Psalms 84: It Is Good to Be with God
Psalms 84 is the inspiration for one of the songs that we sing sometimes in church, and I think that it speaks to the greatness of God. Specifically, it shows how being with God is better than being without God.
Psa 84:10 For a day in thy courts is better than a thousand. I had rather be a doorkeeper in the house of my God, than to dwell in the tents of wickedness.
Think about it. If you are doorkeeper, you are a servant. You are the lowest on the social hierarchy. You are not in a position of praise, and half the time, most of the people there won’t even realize your presence. They just expect you to open up the door.
Now, what if you dwell in the tent? In this time period, it doesn’t seem like we had groups of people moving in together to share rent or whatever. If you lived in the tent of people, you were their family. You had a tight relationship with these people, and you might have been one of the prominent members of that group. You had acceptance and attention.
This comparison might be surprising then based on the descriptions that I just provided, and it certainly would have been powerful to people at this time. They would have understood the major difference between living in the house and being a servant in the house. If you generally had to choose, you would choose to be a member of the household.
However, this Psalm is throwing that out the window. We are reading that it would be better to be a servant of God and hypothetically be the lowest person in His house began to be the absolute highest member in the tents of the wicked.

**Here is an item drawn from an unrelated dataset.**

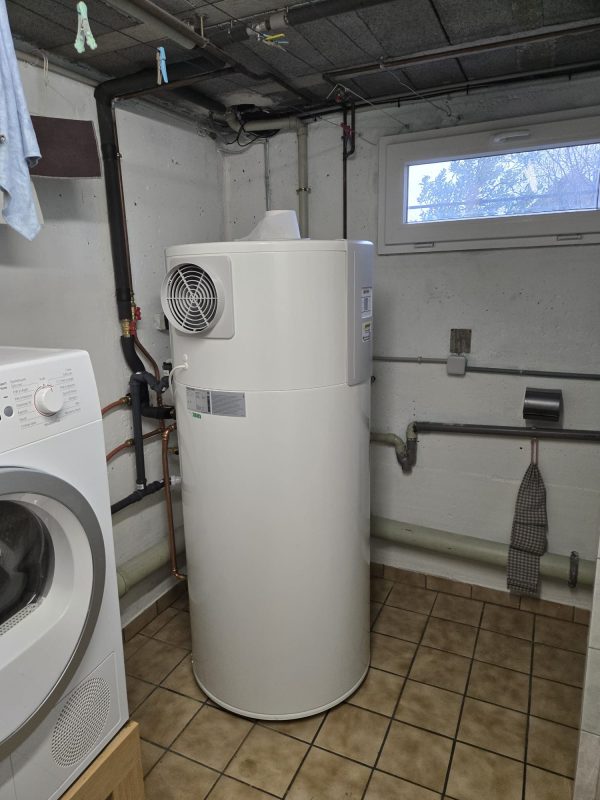Chauffe-eau thermodynamique installé dans une buanderie avec son espace d’accès et ses raccordements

That certainly implies that there is something great about simply being in the house of the Lord. There is something intrinsically valuable about being in the place where God is. It overcomes all of these external questions about what role you play. You could be sitting at the table, you could be cleaning up the table, but simply being with God is what we are supposed to understand from this Psalm. God is valuable, and this particular verse provides another affirmation of that concept.